In the early 1990s the FAO Regional Fisheries Support Programme designed, manufactured and promoted a simple emergency sail rig for small vessels. In Tarawa there were advertisements, meetings, and demonstrations, but attendance was poor. One boat was fitted with the rig in Bairiki and two in Betio. It is believed, that fishers only used the rigs for a limited time then left them at home. A Senior Fisheries officer has commented that the emergency sail rigs are too cumbersome and will always be left at home. He therefore believes that radios are more appropriate for safety than sails.
The Tarawa Technical Institute (TTI) has conducted several outboard motor maintenance and repair workshops, targeting outer island participants. In 1988 TTI conducted evening classes for fishers. The course covered basic safety at sea issues and basic navigation. The course was popular, each course ran for two weeks, and about 12 courses were held over a one-year period. Every fisher who attended was presented with a compass at the end of the course.
The Marine Division has carried out training for captains to obtain a lagoon licence which cover the trip to Abaiang, where the more regular passenger ferries operate. The Marine Division through the Marine Training School has upgraded all grade 4 and grade 5 captains and engineers, while all grades 3, 2 and 1 have been upgraded in Fiji, Australia or New Zealand.
Various donor initiatives in fisheries development have contained safety components. The Outer Island Fisheries Project (first UK (1985-1992), then Japan (1992-present) has insisted on safety measures for its fishing craft, including small sea gull engines and emergency sail rigs. In the UNDP/FAO Artisanal Boatbuilding Project (1982 to 1989) the main priority was producing safer commercial fishing craft.
The effectiveness of the above initiatives effective is not always easy to judge. Some observations are:
If efficient sailing rigs are fitted to new boats they are almost always carried on boats in the outer islands where fish prices are low.
If an emergency sail rig can serve as a combined sun/rain cover, it is usually carried. In addition, if the rig's rudder and leeboard are an actual floor section they are usually carried.
The FAO canoes with emergency foam floatation and sails have saved lives. This is evidenced by several drift voyages in which the flotation held the victims afloat and the sail allowed the collection of drinking water.
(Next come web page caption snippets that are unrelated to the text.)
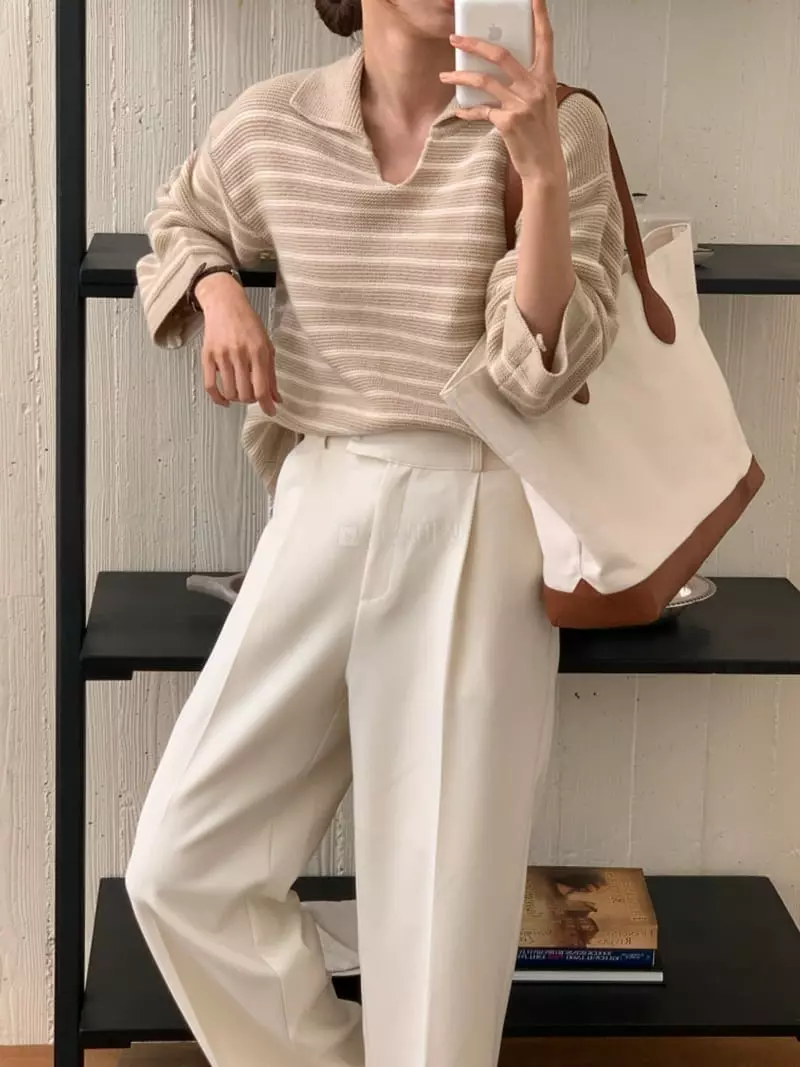 Ff - Korean Women Fashion - #momslook - Sher Stripes Knit Tee - 8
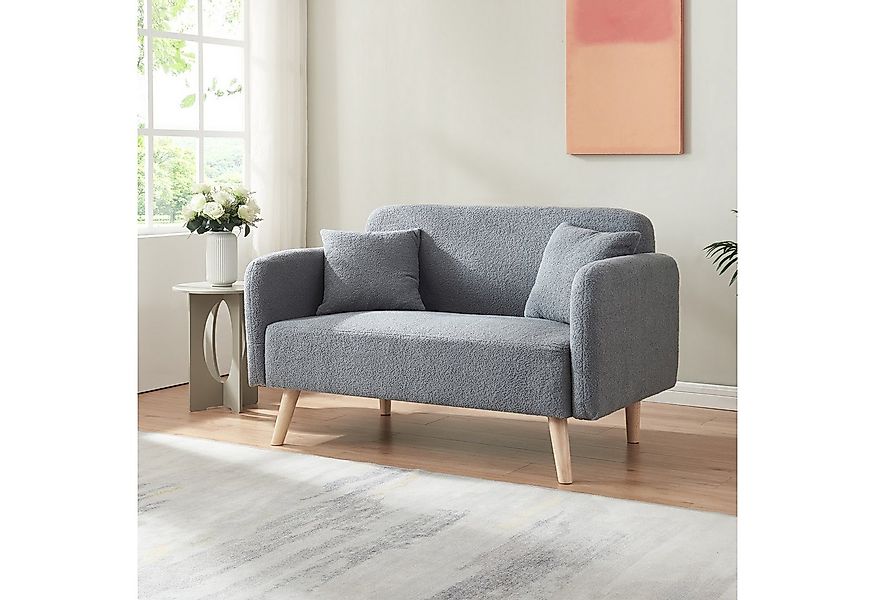 en.casa Sofa, 2-Sitzer »Midt« gepolstert Bouclé 132 x 70 x 81 cm Grau günstig online kaufen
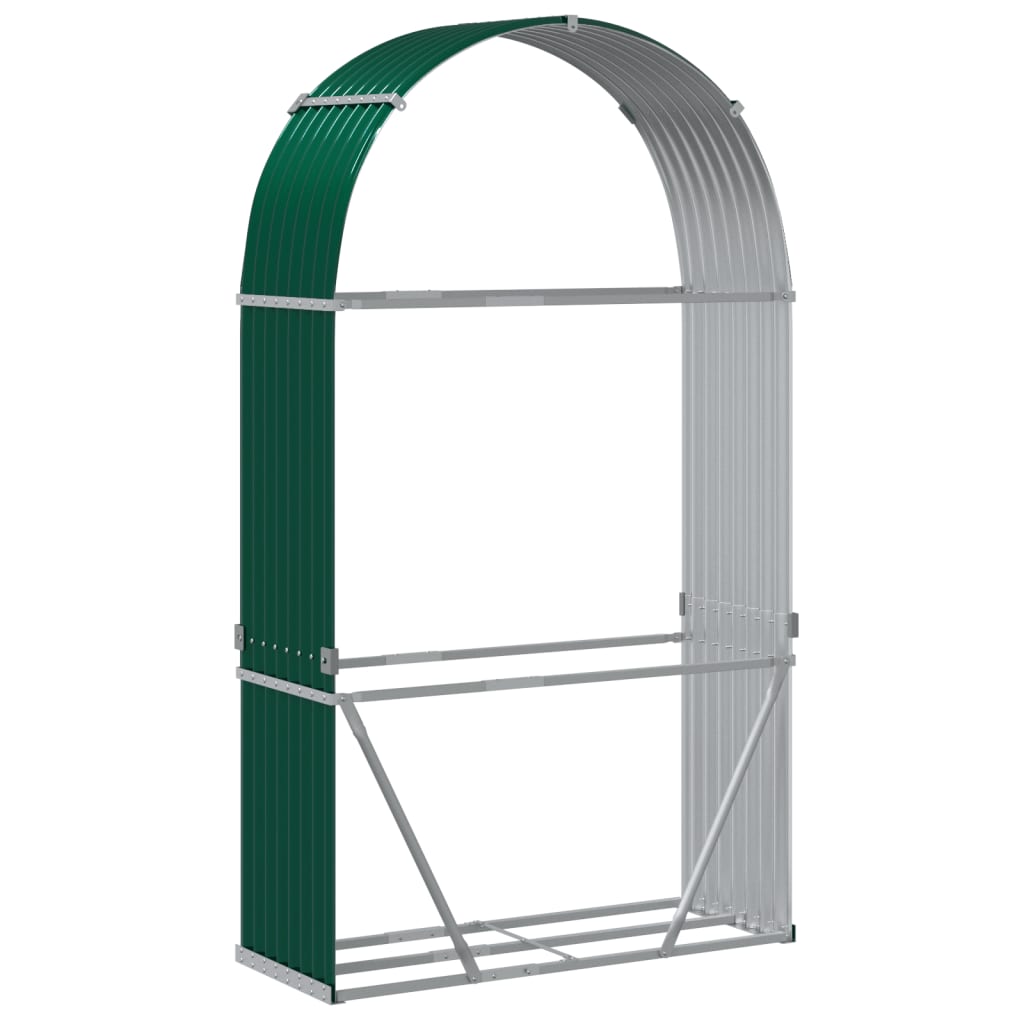 Vedholder grønn 120x45x210 cm galvanisert stål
The outboard motor training has helped with the more basic repair and maintenance of outboard motors. This is evidenced by the fact that the majority of fishers reported missing, turn up within three days, often because they are able to repair engines at sea.
Most full-time commercial fishers of Tarawa carry outboard motor tools, many carry a compass and several carry emergency flares and GPS units. This could be seen to be partly from the various safety training programmes and safety at sea publicity.
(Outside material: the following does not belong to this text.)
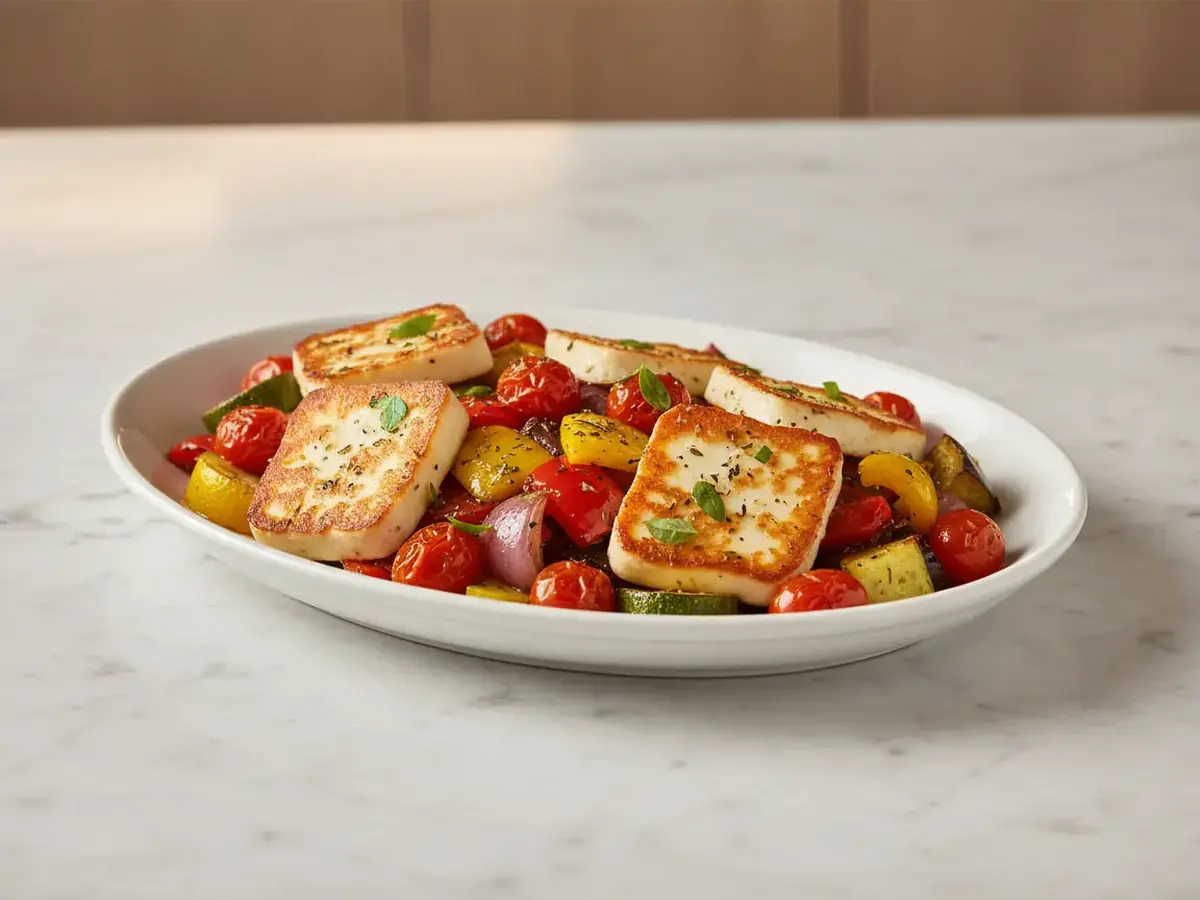 Halloumi and Roasted Vegetable Traybake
Some safety initiatives may have had little or adverse effect on fisher's safety. The auxiliary outboard motors supplied by the UK Outer Island Project mostly ended up on relative's traditional canoes, as these engines are ideal on traditional canoes. Many of the emergency sail rigs are left at home. The HF radio repeaters are only of use if fishers can obtain radios at a cost perceived to be reasonable. The VMS system may prove too costly.
There are several options for improving sea safety in Kiribati. Facilitating access to safety gear, enhancement of boatbuilding skills, safety awareness, and regulations covering sea safety appear to be the most important.
Fishers interviewed stated they were willing to buy safety equipment if available. The Fisheries Division indicates they would like to sell safety equipment for fishing boats at cost price, under the same revolving fund they currently run for fishing equipment. Another possibility is to make available a low cost sea safety kit and allow fishers to purchase the kit on credit.
Local boatbuilding skills could make a major contribution to sea safety in Kiribati. Although the Kiribati vessel designs are generally seaworthy, the standard of construction is often very poor, leading to problems at sea. Presently, there are only a few competent boatbuilders. There is a need to train young school leavers how to build boats correctly to eliminate the types of sea accidents caused by poor construction. The same boatbuilding skills are also in demand for repairing existing craft, which could also have a positive effect on safety.
There is a need to educate fishers on every island concerning the need for, and use of, safety gear. The use of radio (see section above) could play an important role.
There is support for mandatory safety requirements on fishing vessels. Some people feel that training about safety at sea should be compulsory before anyone is allowed to take a boat to sea. The Director of Marine in the Ministry of Communications believes that there must be compulsory inspection of fishing boats.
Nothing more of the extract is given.